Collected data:
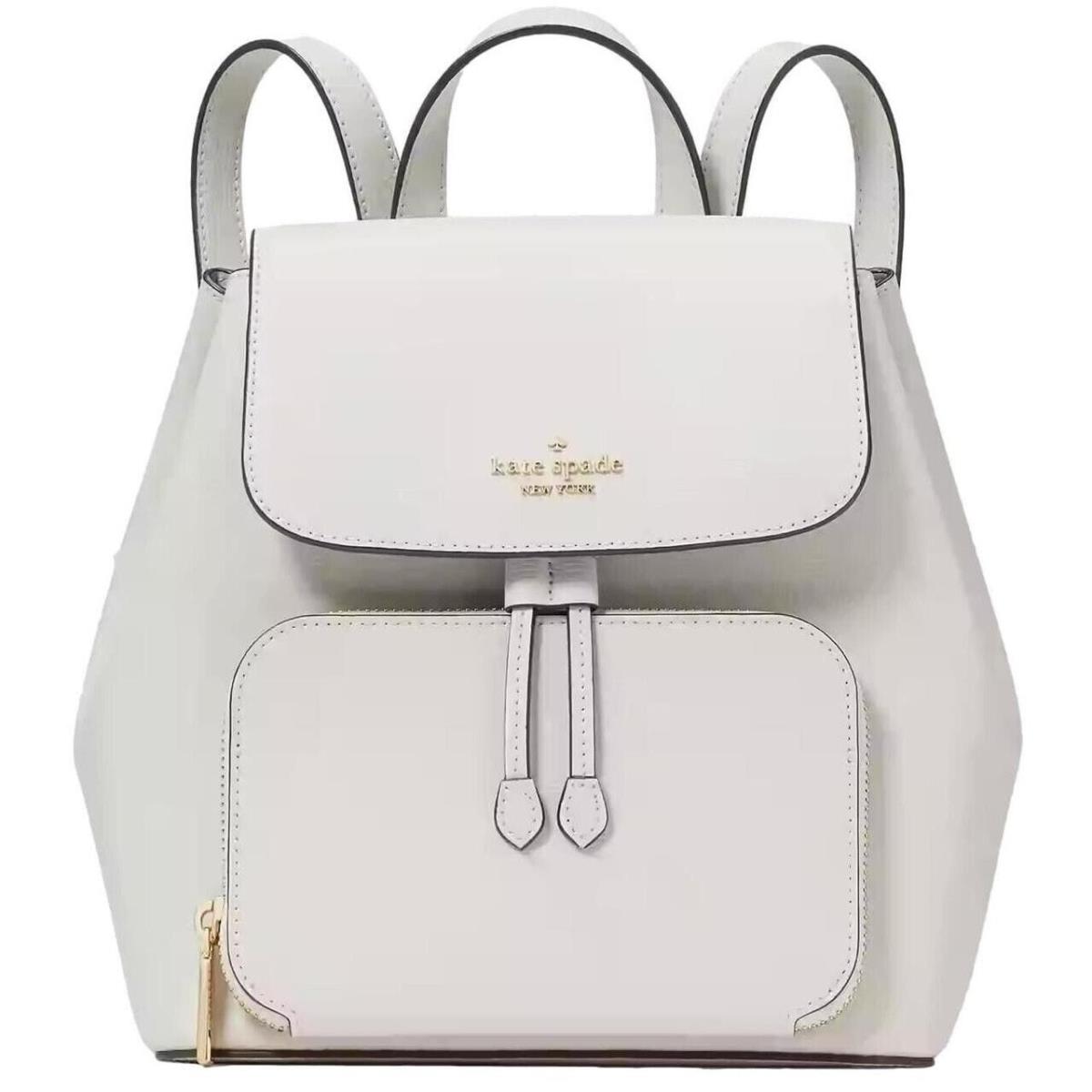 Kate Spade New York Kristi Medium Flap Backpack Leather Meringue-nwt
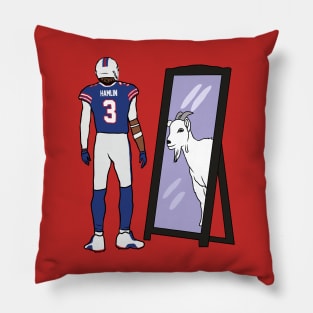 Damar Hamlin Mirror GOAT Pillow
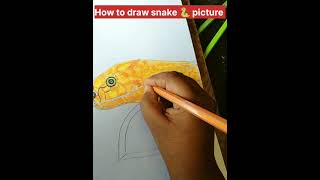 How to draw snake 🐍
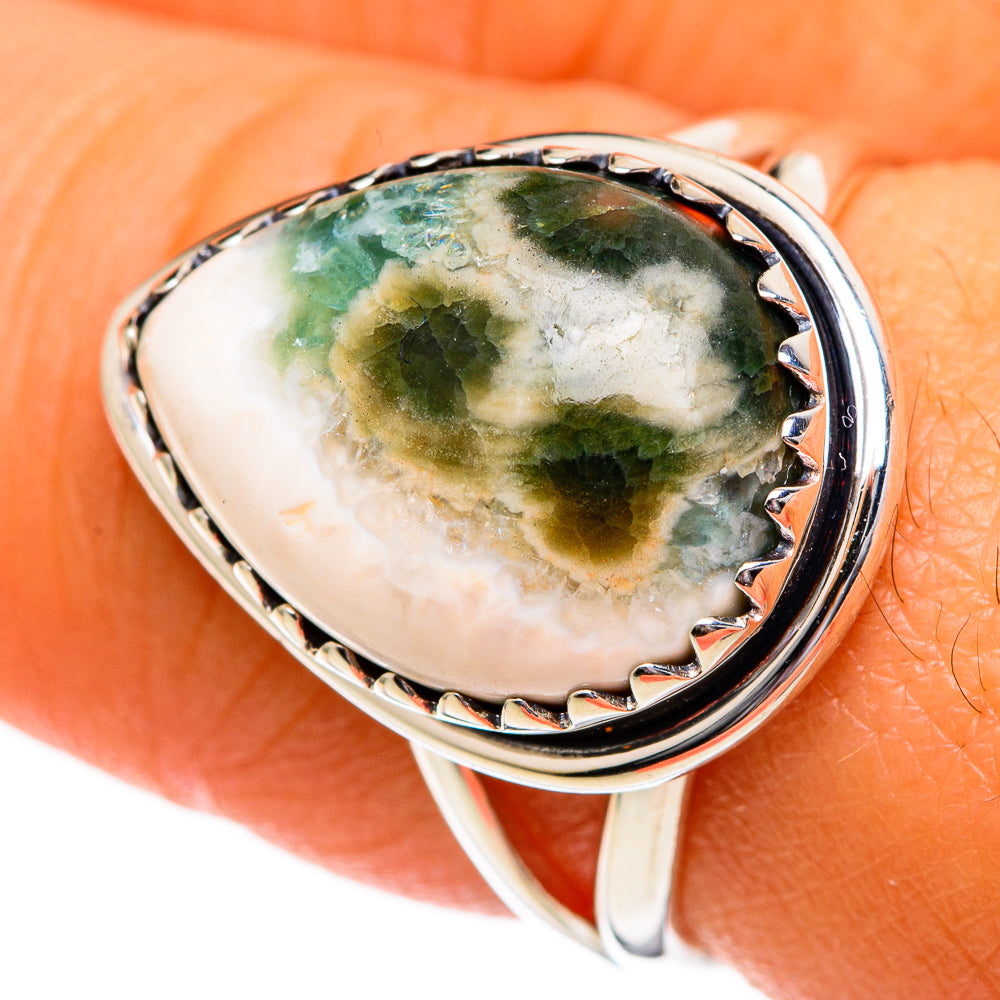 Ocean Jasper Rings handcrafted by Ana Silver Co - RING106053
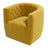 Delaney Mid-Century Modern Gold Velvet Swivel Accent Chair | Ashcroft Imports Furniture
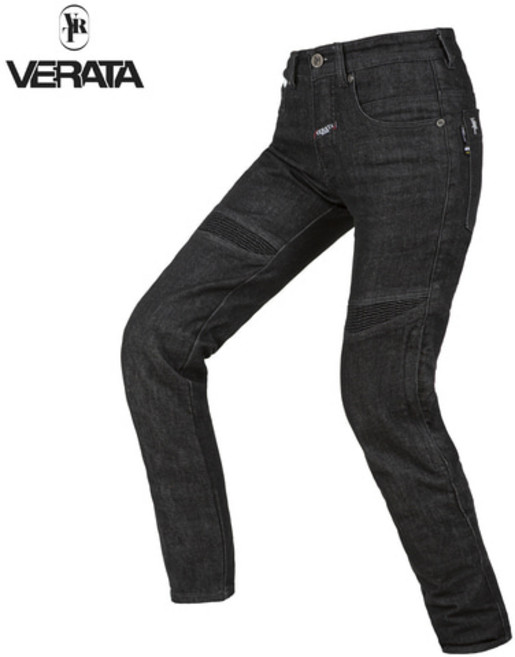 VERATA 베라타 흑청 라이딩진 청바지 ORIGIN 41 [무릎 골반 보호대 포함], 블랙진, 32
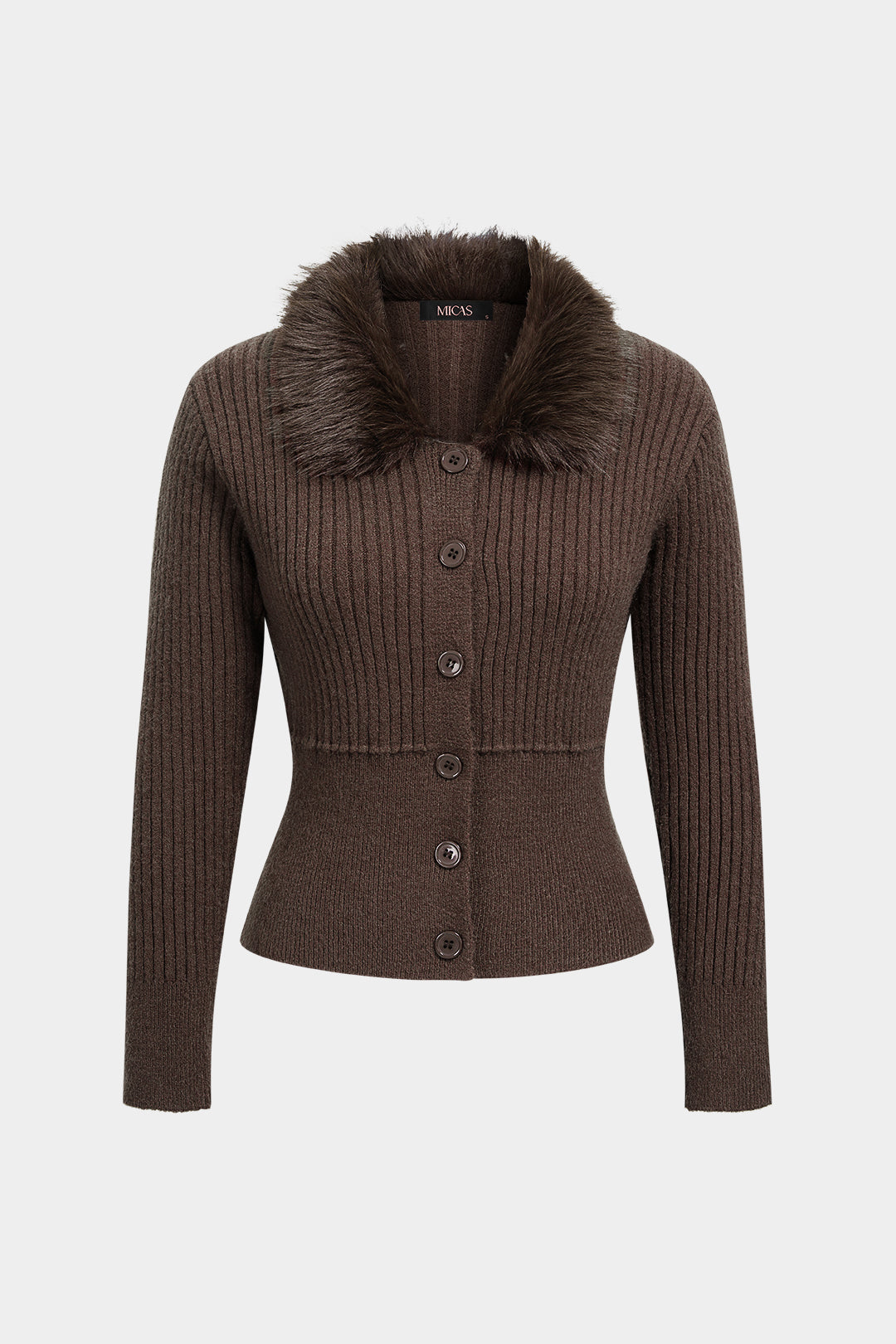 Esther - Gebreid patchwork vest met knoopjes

THE PROBLEM
Your copy should hold exactly the lines from the one that contains "Ocean Jasper Rings" through the final line of the data, both ends included, and no pictures.

ANSWER TO THIS PROBLEM
 Ocean Jasper Rings handcrafted by Ana Silver Co - RING106053
 Delaney Mid-Century Modern Gold Velvet Swivel Accent Chair | Ashcroft Imports Furniture
 VERATA 베라타 흑청 라이딩진 청바지 ORIGIN 41 [무릎 골반 보호대 포함], 블랙진, 32
 Esther - Gebreid patchwork vest met knoopjes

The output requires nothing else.